● Task objective
For this exercise, repeat the records below exactly and omit every picture.

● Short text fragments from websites
==================================================

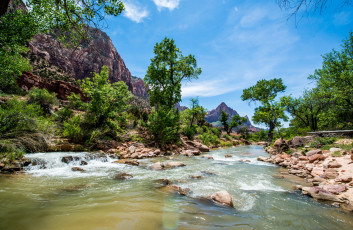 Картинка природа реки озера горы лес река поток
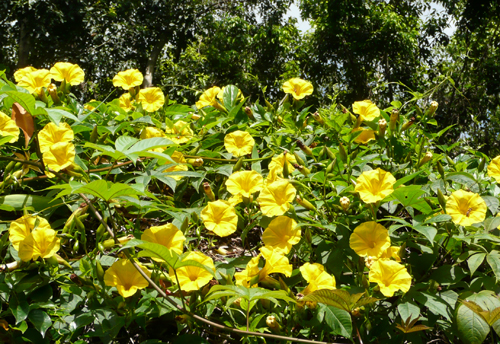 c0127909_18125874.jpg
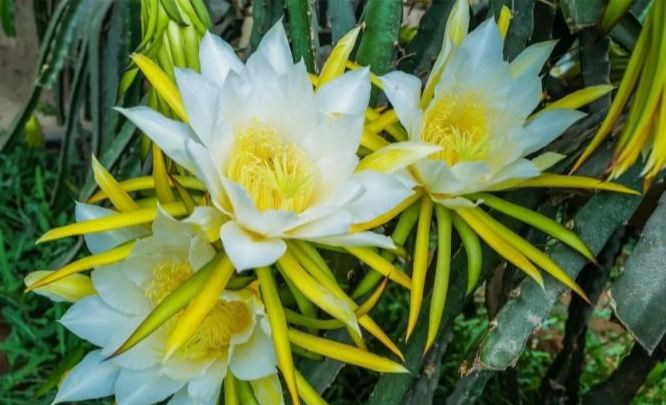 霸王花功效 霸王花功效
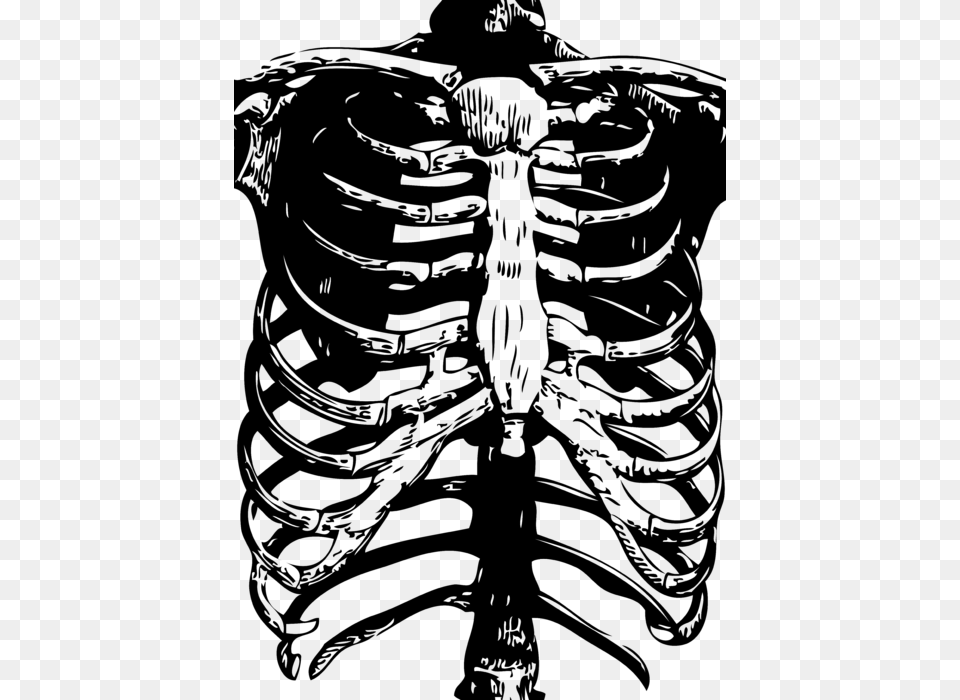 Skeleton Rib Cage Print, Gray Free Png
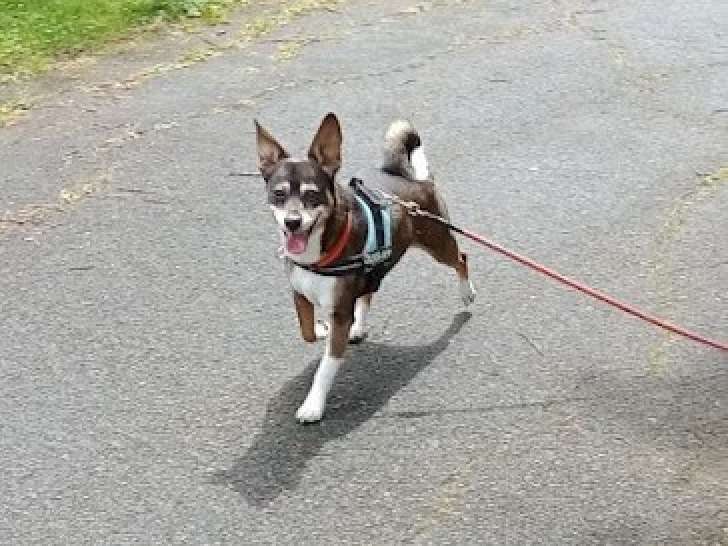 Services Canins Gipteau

==================================================

● Finished task
 Картинка природа реки озера горы лес река поток
 c0127909_18125874.jpg
 霸王花功效 霸王花功效
 Skeleton Rib Cage Print, Gray Free Png
 Services Canins Gipteau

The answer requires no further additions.